» Problem requirements
Exactly the lines from the one containing "18 karaat geelgouden" through the one containing "Black Men's Black Owl Graphic T-Shirt view 3" in the listing below are to be copied, with the pictures left out.

(Dataset entries Opens)

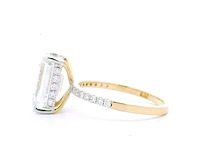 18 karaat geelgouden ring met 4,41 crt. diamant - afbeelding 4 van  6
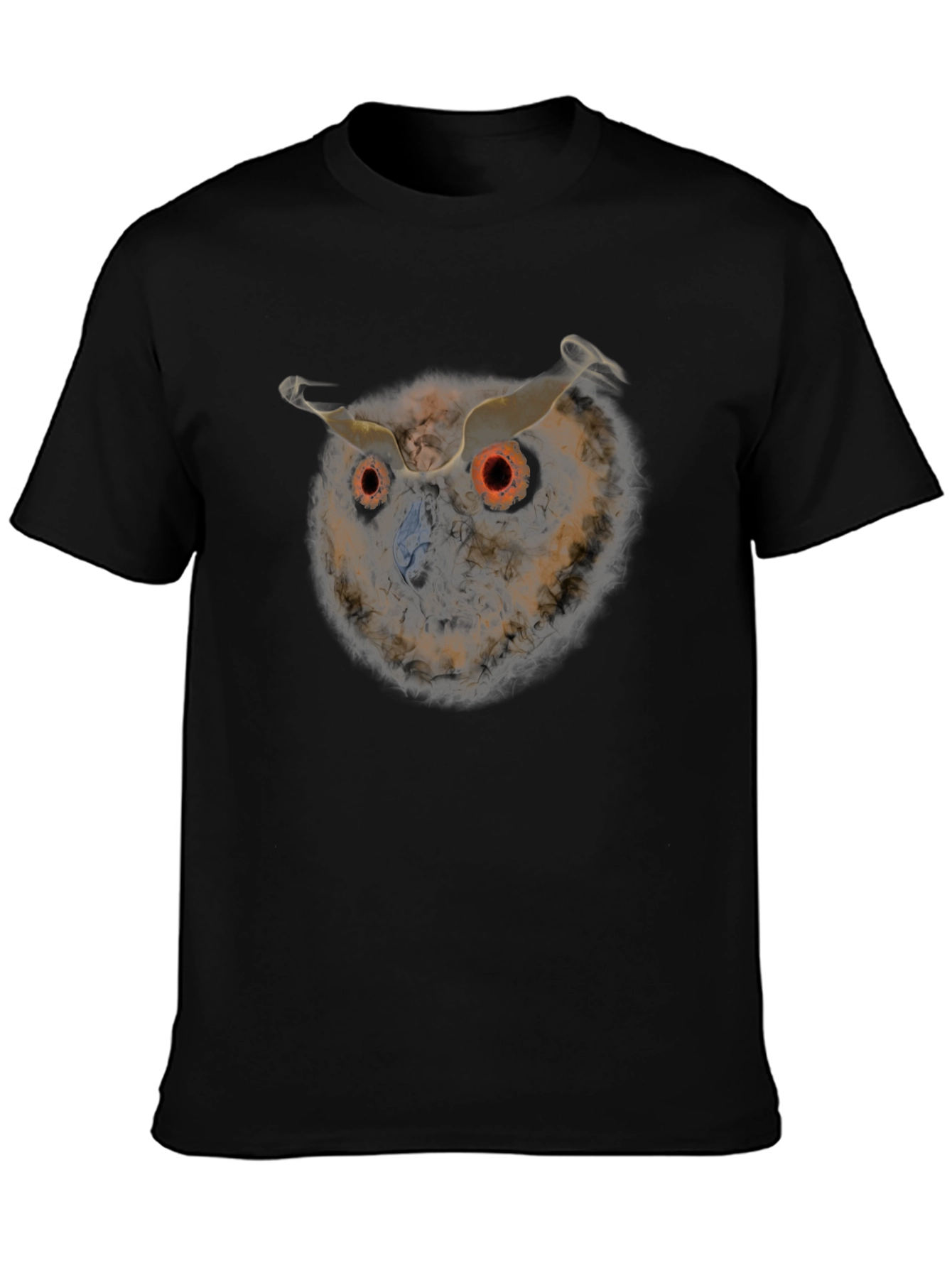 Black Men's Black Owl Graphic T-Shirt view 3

(Dataset entries Closes)
(Dataset entries Opens)

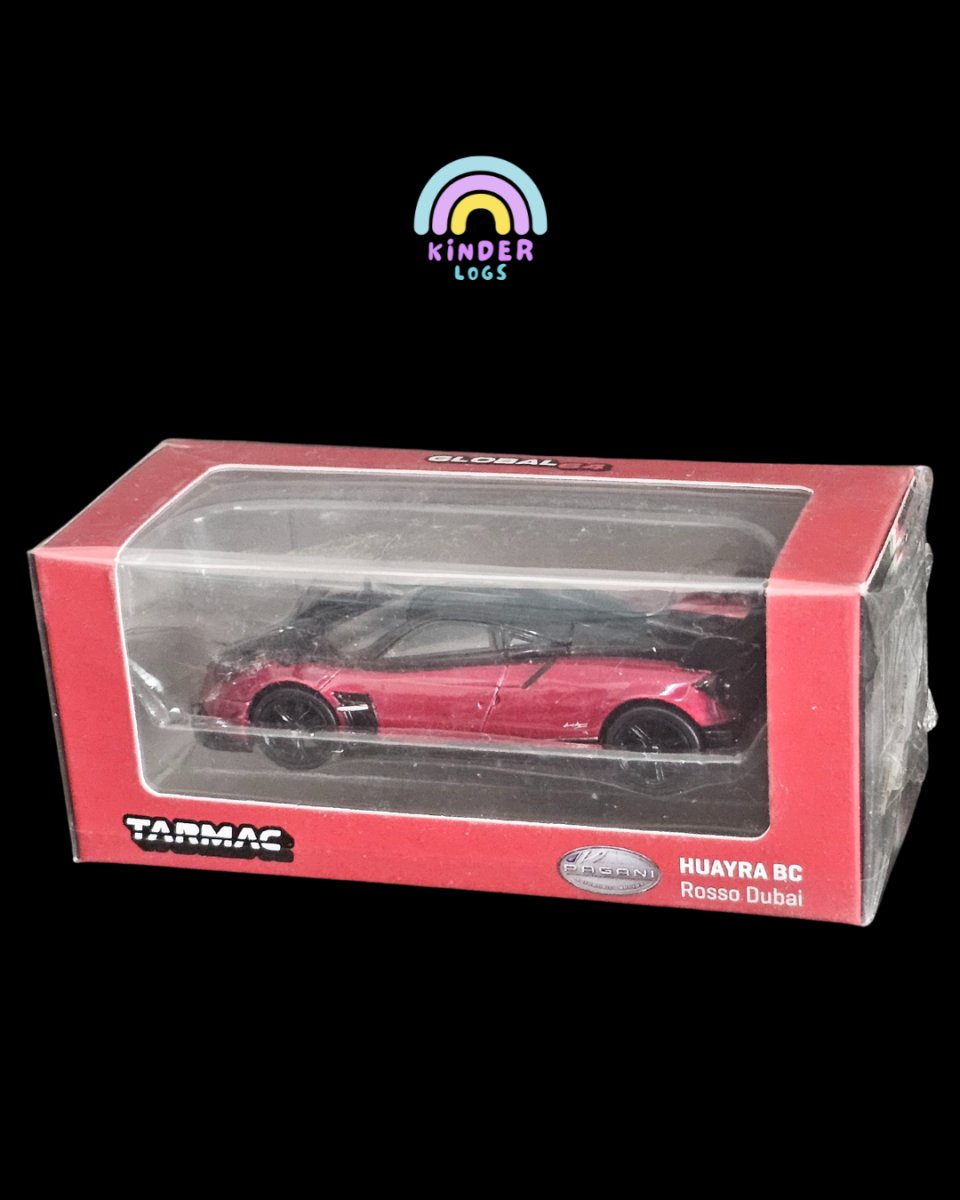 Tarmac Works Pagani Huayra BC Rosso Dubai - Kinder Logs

(Dataset entries Closes)

» Output below
 18 karaat geelgouden ring met 4,41 crt. diamant - afbeelding 4 van  6
 Black Men's Black Owl Graphic T-Shirt view 3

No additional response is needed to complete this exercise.